Point Break – Film Review

Just as ridiculous as the 1991 original, but in all the wrong ways

For a lesson in how hard it is to make a fun, silly action movie watch the two incarnations of Point Break back-to-back. In Kathryn Bigelow’s 1991 version Keanu Reeves’ FBI agent infiltrates a group of surfers/bank robbers. The story is simple, it has a sense of humour about itself and the action is thrillingly orchestrated. Then we have the 2016 version. Again we have an FBI agent (Luke Bracey), but this time he’s tracking a group of criminals with a baffling hippy-ish modus operandi, it takes itself incredibly seriously and the action is so-so and blighted by truly dreadful CGI.

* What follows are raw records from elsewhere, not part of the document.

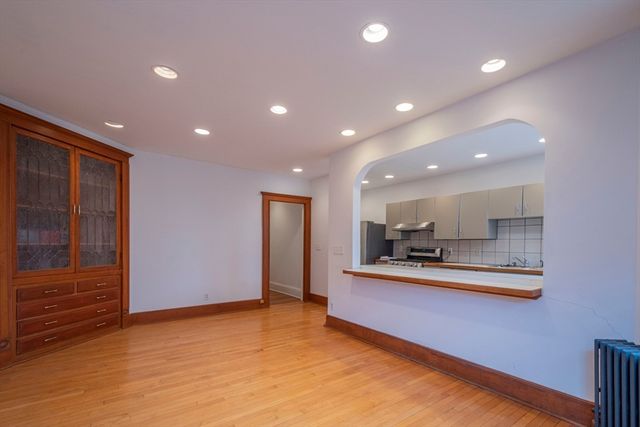 2 Newport Rd 5, Cambridge, MA 02140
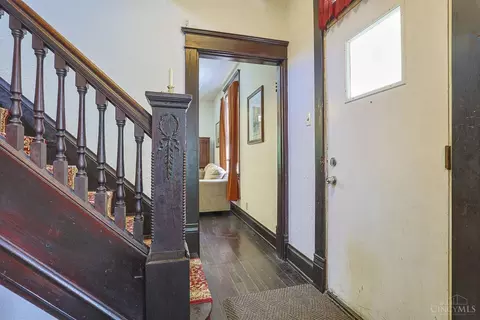 Entry Way - 1915 Fork Rd, Cincinnati, OH 45223 photo 2 of 6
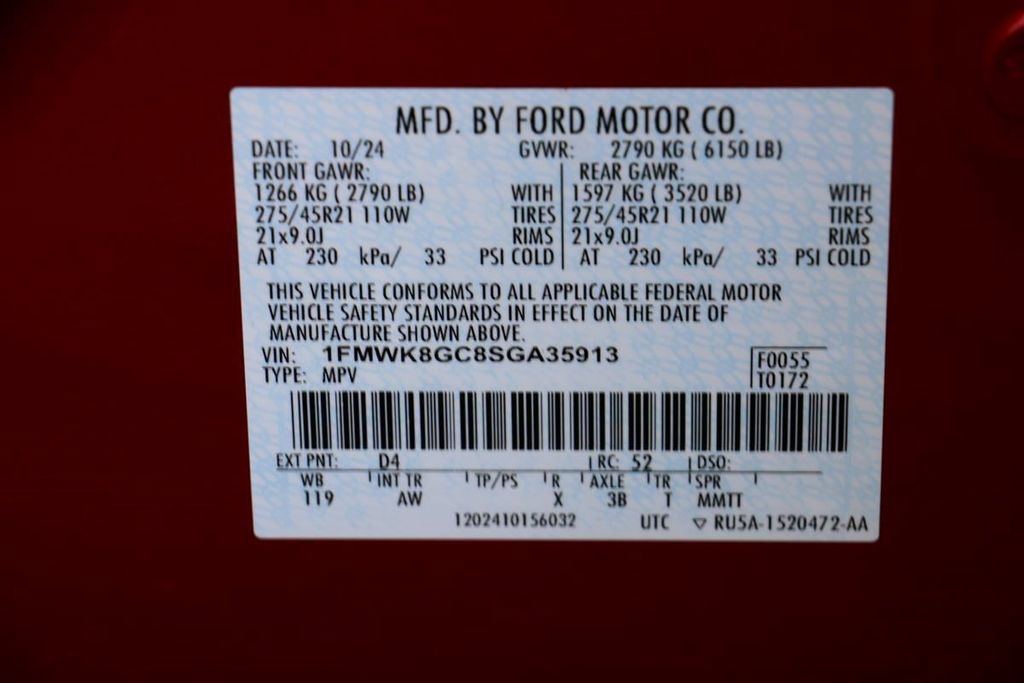 Certified 2025 Ford Explorer ST AWD/4WD image 39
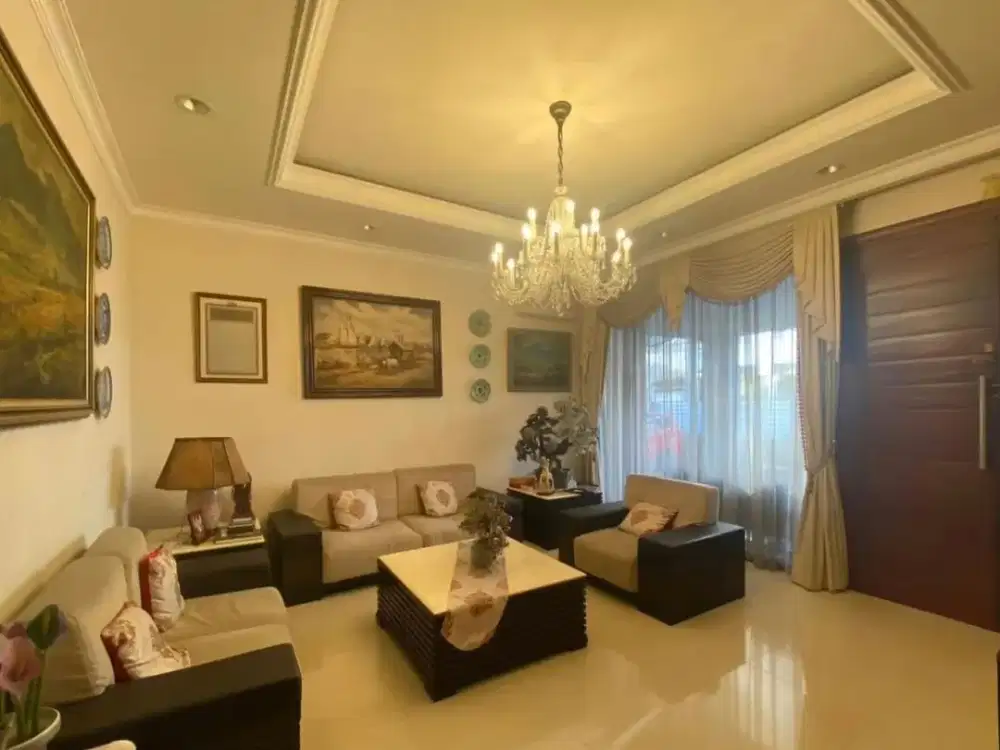 Rumah bagus Taman Radio Dalam Kebayoran Baru 792m 1 lantai, ada kolam renang, nyaman dan rapi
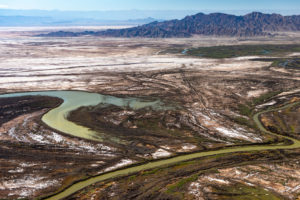 下加利福尼亚的科罗拉多河三角洲是由古老河道、潮汐盐滩和从农田流向北部的径流组成的马赛克。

It’s hard to explain quite what the plot of this one is because it doesn’t make a lick of sense. A group of masked motorcyclists steal a diamond haul and escape by parachuting out of a skyscraper, then steal money from a plane mid-flight and release the cash over a poor village. Our young FBI buck deduces that this group, led by Edgar Ramirez, is committing these crimes in pursuit of completing the ‘Ozaki 8’, a series of extreme stunts dreamt up by some daredevil who believed conquering them all would achieve nirvana (Ozaki’s theory is untested as he died less than halfway through his mission). Their crimes are carried out in order to “give back” to mother nature, although it’s not clear how robbery achieves this. They are environmentalists who blow up mountains and have an enormous carbon footprint. They are drifters who hate the capitalist world but see no problem with having their stunts bankrolled by a billionaire. And they’re all in their 30s, like sadly delayed gap year wastrels. Really, a film constructed primarily to showcase people jumping off high things shouldn’t be this difficult to follow.

The stunts, alas, are not especially exciting either, certainly nothing to compare with Bigelow’s surf sequences, or even the part where Keanu Reeves ran through some gardens. Director Ericson Core takes his cast into the sky, up mountains, out to sea to face towering waves, but he hasn’t the skill to construct a dramatic narrative once he gets there. It’s just as ridiculous as the 1991 Point Break, but in all the wrong ways.